_GIVEN DATA_
_ _ _

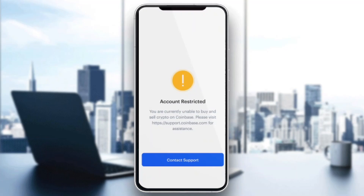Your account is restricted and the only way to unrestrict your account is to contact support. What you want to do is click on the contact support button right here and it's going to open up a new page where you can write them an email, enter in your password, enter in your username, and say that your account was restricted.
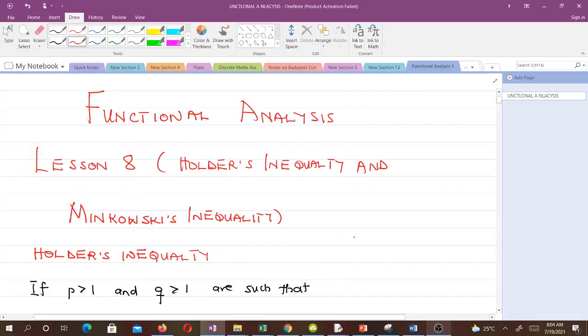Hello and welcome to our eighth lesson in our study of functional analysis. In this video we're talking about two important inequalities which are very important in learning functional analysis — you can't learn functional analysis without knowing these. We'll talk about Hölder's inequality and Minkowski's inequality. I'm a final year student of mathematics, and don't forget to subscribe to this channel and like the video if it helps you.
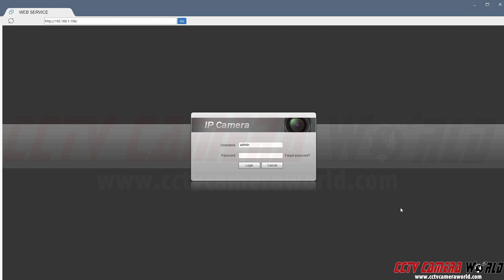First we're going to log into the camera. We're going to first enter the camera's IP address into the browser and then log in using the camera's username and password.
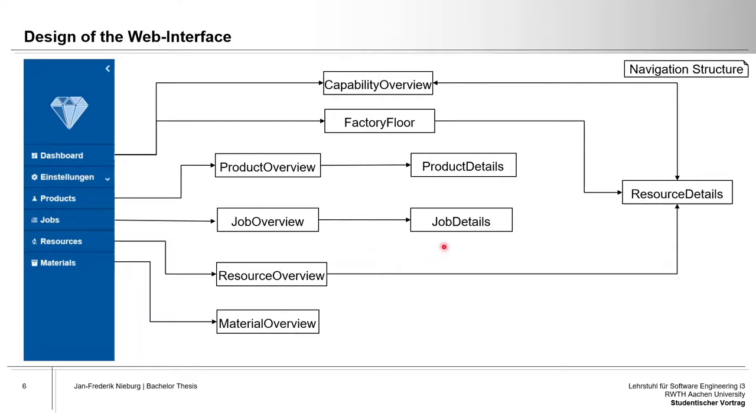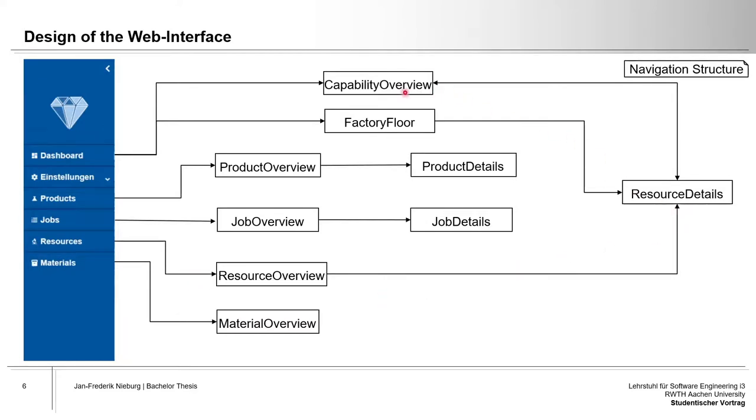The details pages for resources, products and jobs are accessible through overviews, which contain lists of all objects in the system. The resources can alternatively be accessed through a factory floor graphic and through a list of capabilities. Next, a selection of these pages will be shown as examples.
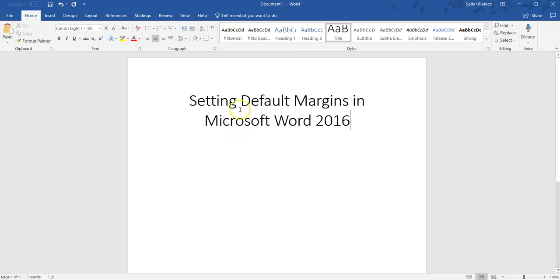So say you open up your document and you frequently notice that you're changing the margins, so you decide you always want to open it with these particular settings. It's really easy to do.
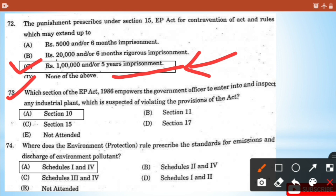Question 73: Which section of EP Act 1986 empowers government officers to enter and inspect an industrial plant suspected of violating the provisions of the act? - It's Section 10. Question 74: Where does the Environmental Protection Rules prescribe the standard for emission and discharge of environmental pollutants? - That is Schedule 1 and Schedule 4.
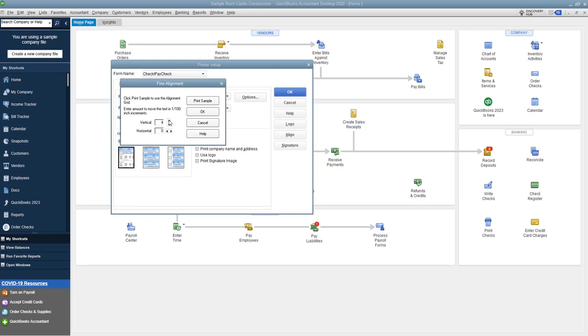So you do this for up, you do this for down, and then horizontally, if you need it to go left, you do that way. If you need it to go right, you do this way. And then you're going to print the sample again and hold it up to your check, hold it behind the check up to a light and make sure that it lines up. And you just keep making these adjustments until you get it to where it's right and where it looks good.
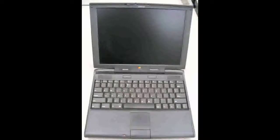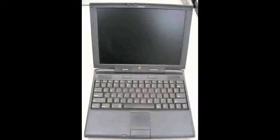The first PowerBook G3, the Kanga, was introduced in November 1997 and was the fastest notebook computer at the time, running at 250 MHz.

_ _ _

_TO DO_
Starting at the line that contains "So say you open", please write out every line to the end of the entries, inclusive, copied exactly and with pictures omitted.

_SOLUTION TO THE EXERCISE_
So say you open up your document and you frequently notice that you're changing the margins, so you decide you always want to open it with these particular settings. It's really easy to do.
Question 73: Which section of EP Act 1986 empowers government officers to enter and inspect an industrial plant suspected of violating the provisions of the act? - It's Section 10. Question 74: Where does the Environmental Protection Rules prescribe the standard for emission and discharge of environmental pollutants? - That is Schedule 1 and Schedule 4.
So you do this for up, you do this for down, and then horizontally, if you need it to go left, you do that way. If you need it to go right, you do this way. And then you're going to print the sample again and hold it up to your check, hold it behind the check up to a light and make sure that it lines up. And you just keep making these adjustments until you get it to where it's right and where it looks good.
The first PowerBook G3, the Kanga, was introduced in November 1997 and was the fastest notebook computer at the time, running at 250 MHz.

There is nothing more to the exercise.